# EXERCISE OBJECTIVE
Lines to restate from the data below: from the one containing "IC NEW 100% ADG406BPZ" to the one containing "kilcoy canvas large shopper bag side kilcoy", both included. Give them again exactly, and only them.

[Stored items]
........

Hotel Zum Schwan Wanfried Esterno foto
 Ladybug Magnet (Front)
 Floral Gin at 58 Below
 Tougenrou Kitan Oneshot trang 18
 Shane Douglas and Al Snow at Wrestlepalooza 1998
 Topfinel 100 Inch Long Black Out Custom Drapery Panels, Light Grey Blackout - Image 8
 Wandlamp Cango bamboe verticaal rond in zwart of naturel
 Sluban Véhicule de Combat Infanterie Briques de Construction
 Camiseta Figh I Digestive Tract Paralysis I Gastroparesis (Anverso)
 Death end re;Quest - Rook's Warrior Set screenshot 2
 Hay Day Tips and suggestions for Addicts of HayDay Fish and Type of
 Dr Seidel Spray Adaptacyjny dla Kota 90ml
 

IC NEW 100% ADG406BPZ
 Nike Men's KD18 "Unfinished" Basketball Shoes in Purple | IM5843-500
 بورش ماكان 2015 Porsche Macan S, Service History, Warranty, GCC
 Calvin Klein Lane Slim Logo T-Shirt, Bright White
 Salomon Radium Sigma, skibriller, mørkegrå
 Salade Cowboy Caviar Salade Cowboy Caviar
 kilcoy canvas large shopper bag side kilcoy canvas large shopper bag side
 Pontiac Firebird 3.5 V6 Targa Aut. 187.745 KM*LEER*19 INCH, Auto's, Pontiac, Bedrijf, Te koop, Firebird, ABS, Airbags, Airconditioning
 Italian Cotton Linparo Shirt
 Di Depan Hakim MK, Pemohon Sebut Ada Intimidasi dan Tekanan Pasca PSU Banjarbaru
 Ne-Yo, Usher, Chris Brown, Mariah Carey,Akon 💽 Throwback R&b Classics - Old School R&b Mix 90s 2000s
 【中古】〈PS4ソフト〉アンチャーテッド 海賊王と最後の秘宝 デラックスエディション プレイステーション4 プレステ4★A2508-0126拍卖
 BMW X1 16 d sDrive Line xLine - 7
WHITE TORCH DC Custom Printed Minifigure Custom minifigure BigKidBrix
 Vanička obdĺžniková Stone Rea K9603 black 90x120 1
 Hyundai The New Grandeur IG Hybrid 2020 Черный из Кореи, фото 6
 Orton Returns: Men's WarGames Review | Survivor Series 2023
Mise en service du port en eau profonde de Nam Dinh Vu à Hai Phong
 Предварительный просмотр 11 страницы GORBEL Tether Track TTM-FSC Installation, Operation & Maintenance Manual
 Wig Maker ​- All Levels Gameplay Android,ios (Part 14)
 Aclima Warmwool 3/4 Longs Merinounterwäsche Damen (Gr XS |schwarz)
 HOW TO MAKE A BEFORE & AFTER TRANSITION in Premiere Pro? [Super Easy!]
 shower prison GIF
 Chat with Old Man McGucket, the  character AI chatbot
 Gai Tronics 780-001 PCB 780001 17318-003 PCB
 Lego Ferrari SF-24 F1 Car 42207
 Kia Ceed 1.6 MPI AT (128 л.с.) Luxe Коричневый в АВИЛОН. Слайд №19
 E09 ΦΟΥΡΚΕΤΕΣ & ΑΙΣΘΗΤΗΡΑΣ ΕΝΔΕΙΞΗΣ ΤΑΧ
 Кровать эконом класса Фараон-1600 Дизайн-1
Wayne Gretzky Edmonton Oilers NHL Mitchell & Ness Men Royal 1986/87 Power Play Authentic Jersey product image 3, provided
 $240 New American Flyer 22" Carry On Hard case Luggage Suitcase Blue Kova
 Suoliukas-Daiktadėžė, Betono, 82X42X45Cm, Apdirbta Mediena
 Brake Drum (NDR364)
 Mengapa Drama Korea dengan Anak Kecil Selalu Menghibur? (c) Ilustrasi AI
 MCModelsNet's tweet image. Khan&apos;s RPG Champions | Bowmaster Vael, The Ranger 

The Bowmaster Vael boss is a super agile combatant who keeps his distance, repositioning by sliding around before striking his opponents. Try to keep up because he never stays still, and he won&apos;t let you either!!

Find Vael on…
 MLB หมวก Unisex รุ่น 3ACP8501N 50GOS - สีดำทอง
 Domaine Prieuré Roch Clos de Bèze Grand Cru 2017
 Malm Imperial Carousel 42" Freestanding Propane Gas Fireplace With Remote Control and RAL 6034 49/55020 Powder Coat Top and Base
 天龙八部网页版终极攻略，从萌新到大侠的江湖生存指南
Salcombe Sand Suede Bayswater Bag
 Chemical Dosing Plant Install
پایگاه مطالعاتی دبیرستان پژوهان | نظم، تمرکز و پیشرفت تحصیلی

........

# TASK OUTPUT
IC NEW 100% ADG406BPZ
 Nike Men's KD18 "Unfinished" Basketball Shoes in Purple | IM5843-500
 بورش ماكان 2015 Porsche Macan S, Service History, Warranty, GCC
 Calvin Klein Lane Slim Logo T-Shirt, Bright White
 Salomon Radium Sigma, skibriller, mørkegrå
 Salade Cowboy Caviar Salade Cowboy Caviar
 kilcoy canvas large shopper bag side kilcoy canvas large shopper bag side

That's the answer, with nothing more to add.